Would you accept to rely on a “perfect system” that has no bypasses, safety overrides?
Such systems exist and people, corporations are flocking to use them.
We can interpret Blockchain as a “append only” distributed database with no central server.
In addition a blockchain database has no ability to change or modify a record once it is added.
That characteristic is called immutability.
Immmutability renders the database “safe” as no one can change it, but, like usual, safety systems can backfire. In this case we have to decide if we are facing Technological risks or technological idiocy.
Bitcoin, Ethereum and other crypto-currencies are based on blockchain and tout its safety when dealing with payments without a bank in the middle.
Other applications are burgeoning left and right. Soon they will be ubiquitous, including for example:
the mining world and related transportation and shipping activities,
smart contracts including those in the insurance industry.
A database that cannot be edited and software that cannot be turned off present risks that no one should ignore. The hazard can be technological, man-made, voluntary or accidental.
In 2016, an error in the coding of a blockchain based investment fund allowed a user to move large amounts to his advantage.
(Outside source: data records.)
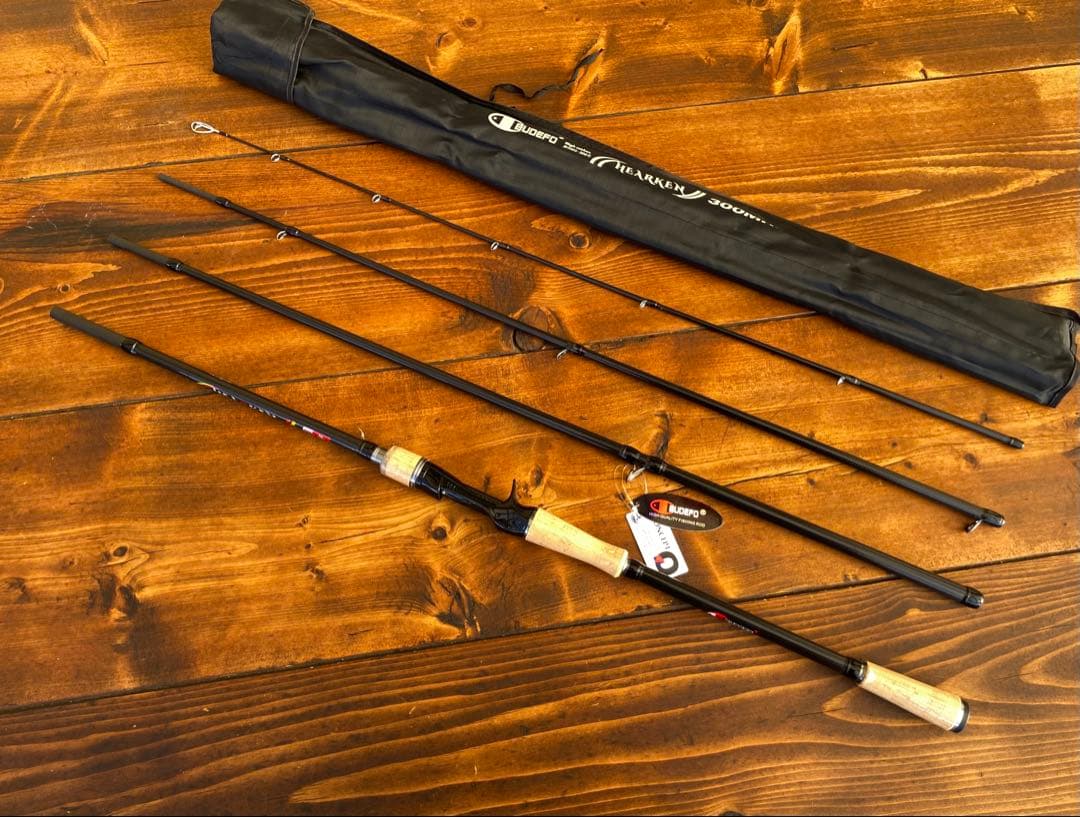 超軽量　カーボンロッド　3m 10ft ベイトロッド　ショアジギング　サーフ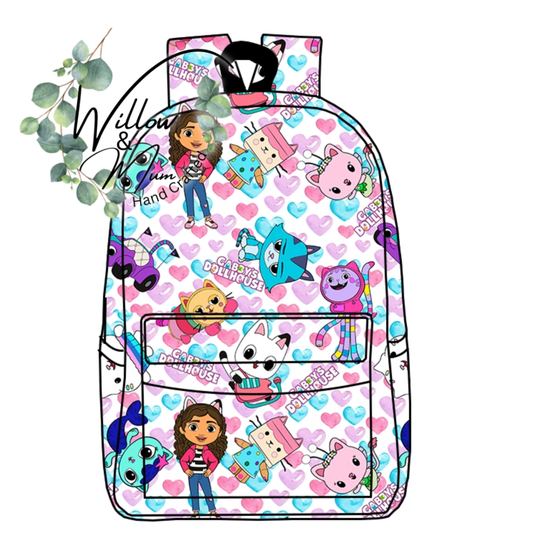 PRE ORDER School Bag | Gabbys Doll House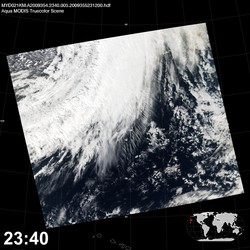 Level 1B Image at: 2340 UTC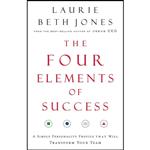 کتاب The Four Elements of Success اثر Laurie Beth Jones انتشارات HarperCollins Leadership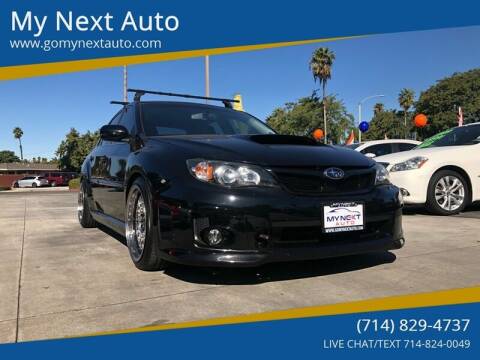 2013 Subaru Impreza for sale at My Next Auto in Anaheim CA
It was impossible to stop the hack because immutability.
However, in that particular case all participants agreed to “hack-back” the system. That operation bears the name of “hard fork” and effectively reverses time and returns the blockchain to the prior state, before the hack.
This was a controversial decision which resulted in the creation of two rival Ethereum blockchains—Ethereum and Ethereum classic. That created already some “unwanted” consequences for some users that became holders in both, the “hard forked” and the truly “immutable” blockchains.
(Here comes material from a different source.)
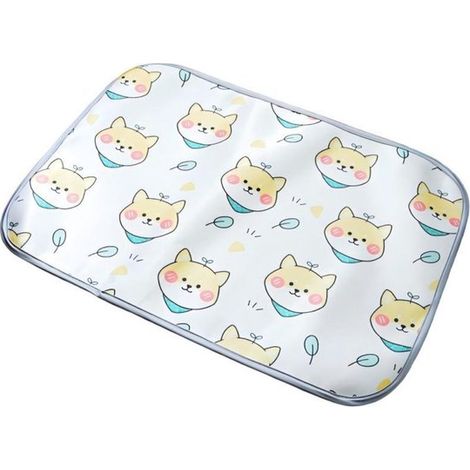 Tappetino rinfrescante per animali domestici, tappetino da riposo XS 40 x 30 cm: per animali fino a 1,5 kg, cuccia per gatti/cani, fresco e traspirante, tappetino rinfrescante per l'estate. (1/5)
The interaction of a “hard forked” blockchain with other “immutable” blockchains could create havoc, for example, multiple executions of the same contract and who knows what else in the future.
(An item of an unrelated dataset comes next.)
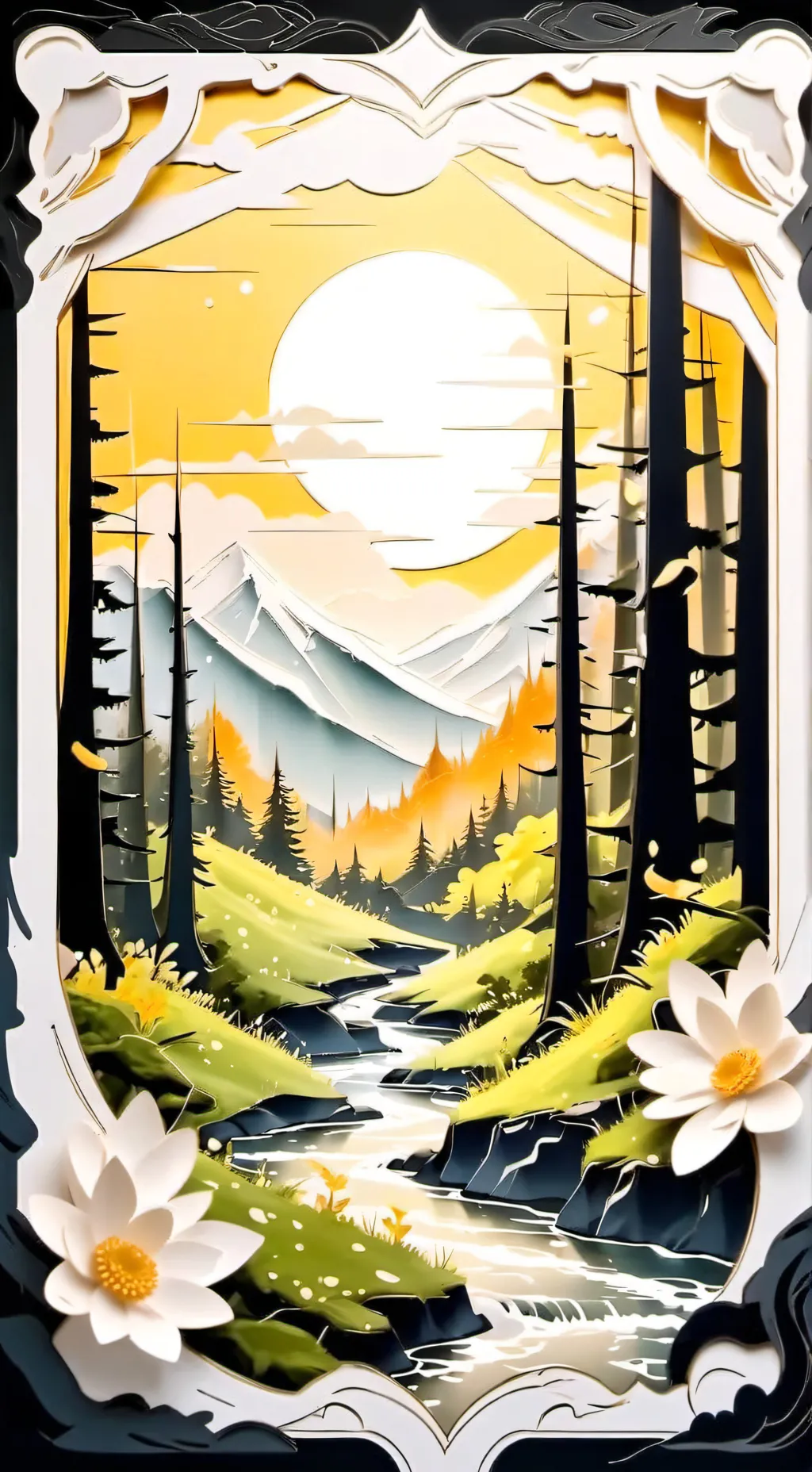 ai character: pilares era actual background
Again, we have probabilities of occurrence and cost of consequences (losses). Thus we can evaluate risks related to these events, even if the technology is new and the risks “emerging”.
The important thing is to work orderly:
Thus it is possible to engage in risk management using a well balanced approach.
The fact the technology is new does not mean starting projects without the best possible understanding of risks.
Technological risks or technological idiocy? There is definitely a line in the sand between them.